I know: With all the Black Friday death matches, billions spent on cheap knick-knacks no one needs, and the legion of companies exploiting their workers for a few extra dollars, it’s easy to dismiss the whole season with a “bah humbug” and lock yourself in the house until January 1.
But there is one reason why that time between Thanksgiving and New Year’s will never lose its magic for me: food.
For our November/December issue of Oklahoma Today, readers submitted their prized holiday recipes. From Apple Pie with Drunken Cherries submitted by Linda Gronewaller of Guthrie to Firecracker Bacon from Jenny Hales of Arcadia, our readers had no thoughts of money or glory when they sent us their delicious recipes. Rather, these folks simply wanted to share a plate full of happiness from their immediate family with the rest of their Oklahoma family.
The magazine’s ridiculously talented design assistant, J.J. Ritchey, known to us as “Jen,”, recently baked a batch of schnetka—a German pastry made with cream and cinnamon—and brought it to work for the editorial staff to share. Although this was not necessarily a holiday-related activity, Jen’s generosity and the warm cinnamon flavor did more to bring us together than any official meeting could.
Although it seems far-fetched that a baked good could create such a strong feeling of cohesion, it has been proven throughout history. In his most recent book, Cooked, Michael Pollan explores the importance of the home-cooked meal and its ability to nourish our bodies as well as our souls.
Pollan discusses how whole-hog barbecue in the South once was a community-wide event where everyone in town would gather to help cook the pig then enjoy the fruits of their labor together. He extols the virtues of single-pot meals, which have for thousands of years utilized inexpensive ingredients to create a meal that’s shared by the entire family. My favorite part of the book is the section on bread. Bread so unites us as a people that the breaking of bread has become synonymous with sharing fellowship.
With the advent of microwaves and fast food, we have drifted away from the kitchen. But the holidays are the one time a year when the traditions of eating and enjoying food together are still revered. So it goes in my family.

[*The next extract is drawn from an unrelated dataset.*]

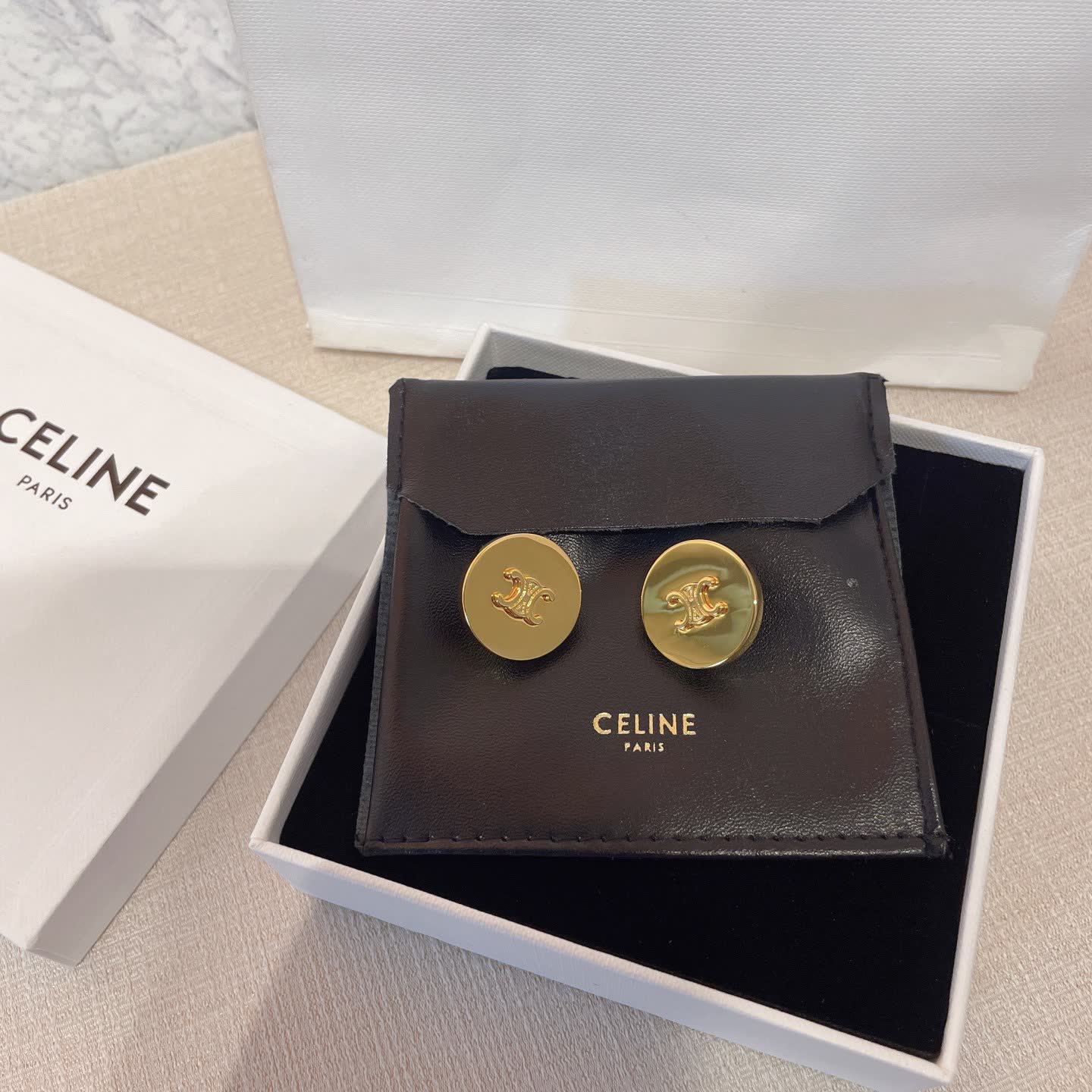 Celine Paris Gold Tone Logo Stud Earrings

Every year, starting around Thanksgiving, my mom creates cute little gift baskets filled with goodies for all our friends and extended family. For us, the smell of baking banana bread, my dad yelling at our dog to stop trying to eat the fudge on the kitchen table, and the warmth of sugar cookies right out of the oven are as much a part of Christmas as Santa or gifts. My family gathered around eating everything before my mom has a chance to wrap it and put it in gift baskets says “Happy Holidays” to me like nothing else.